WORK INSTRUCTIONS:
Would you print the lines below exactly, beginning at the line that has "Rolex Yacht-Master 40mm" and stopping after the line that has "Map of the average"? Only those lines, and no pictures.

DATA UNDER STUDY:
Start of Block
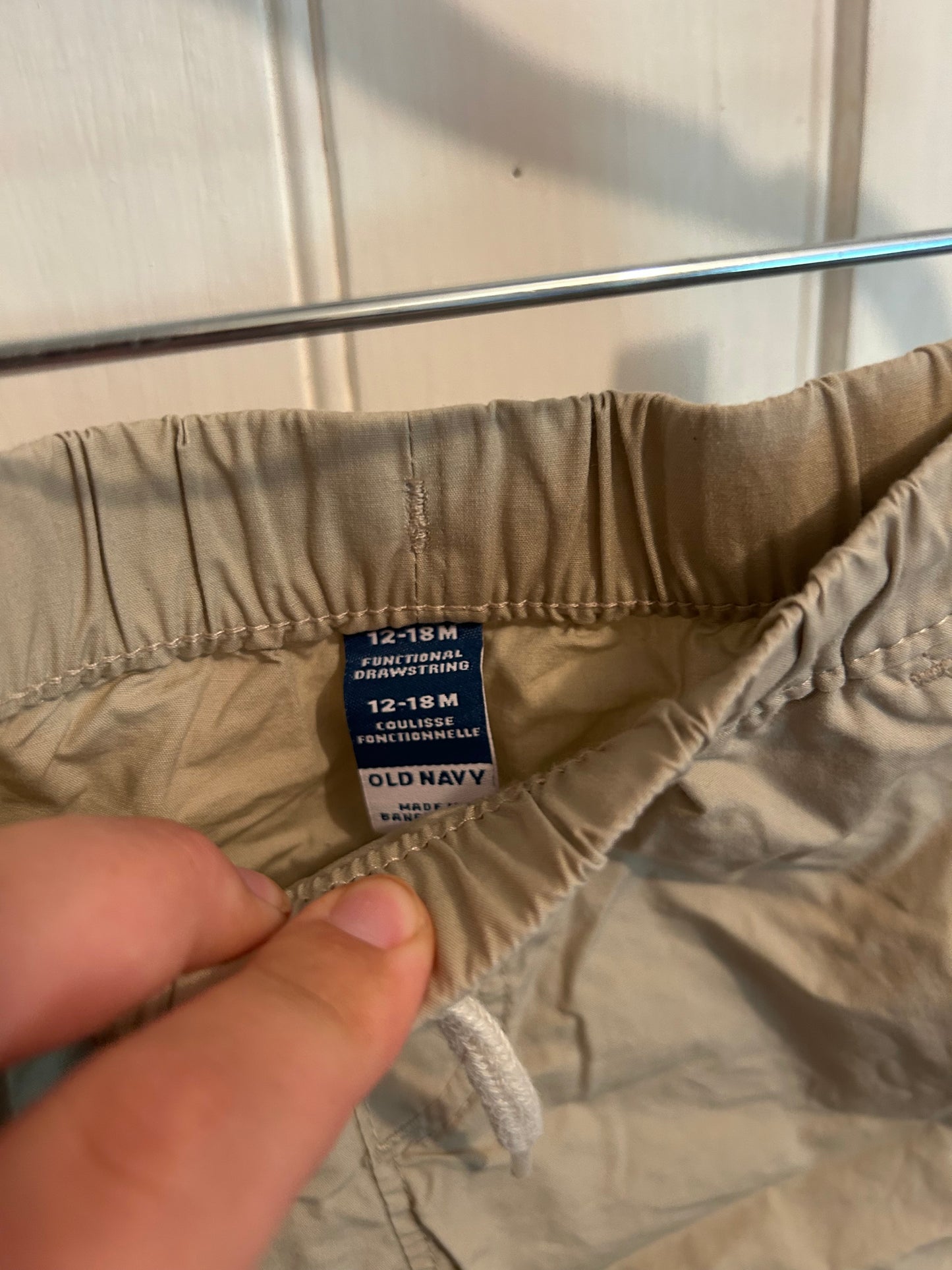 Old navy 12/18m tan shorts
End of Block
Start of Block
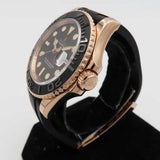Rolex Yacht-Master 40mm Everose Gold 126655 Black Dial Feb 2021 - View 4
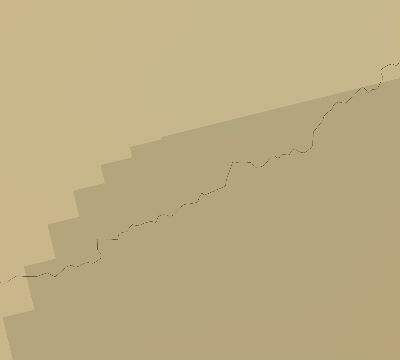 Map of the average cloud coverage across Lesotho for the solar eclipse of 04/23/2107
End of Block
ANSWER FOR THIS EXERCISE:
Rolex Yacht-Master 40mm Everose Gold 126655 Black Dial Feb 2021 - View 4
 Map of the average cloud coverage across Lesotho for the solar eclipse of 04/23/2107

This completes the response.